Ryan's memo points to two action items. One is getting the city's bureaus, Multnomah County, Metro and various other public agencies and nonprofits to work together in a coordinated fashion. "By the nature of the institutions themselves, siloing takes place and inefficiencies are the inevitable result," Ryan noted.
Part of the challenge of coordinating all the entities that have a piece of responding to homelessness, Ryan added, is the shortage of good data.
"We currently do not know how many individuals are living unsheltered, nor do we know who or how often an individual is moving through our systems of care in real time," Ryan wrote.
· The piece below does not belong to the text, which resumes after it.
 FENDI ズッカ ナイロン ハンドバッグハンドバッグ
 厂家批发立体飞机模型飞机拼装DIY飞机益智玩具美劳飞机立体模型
So what's Ryan going to do? He plans to convene a city working group aimed at better bureau coordination and he plans to include Marc Jolin, director of the joint office, in that effort (the office is funded by the city and Multnomah County but is housed with the county.)
That seems logical: Numerous city bureaus interact with Portland's homeless population.
Ryan's second action item is less obvious: He plans to "convene a group of community leaders, key stakeholders, and people with lived experience to help inform the regional response and provide feedback at key decision points." That sounds a lot like A Home for Everyone, which already includes representatives from the county, the cities of Portland and Gresham, and various nonprofits and community groups on its executive committee and community board.
Ryan said he's not trying to replace A Home for Everyone's efforts.
"My intention is to supplement and build on A Home for Everyone," he said. "They are doing incredibly important work, and are central to the governance of the joint office. Every day, my office hears from individuals, nonprofits, faith groups, coalitions and businesses who are addressing homelessness outside of A Home for Everyone's framework.
"Many of them are already doing work to address the crisis, and many others have ideas, resources, and a desire to be part of the solution. This must be an 'all-in' effort, and I want to make sure our homelessness response is unified at all levels."
Denis Theriault, a spokesman for the joint office, says Ryan's focus and energy are a welcome addition to the cause.
"Silo-busting is wonderful," Theriault says. "There's going to be a lot of that with all of our partners with this new funding coming from the Metro homeless services measure."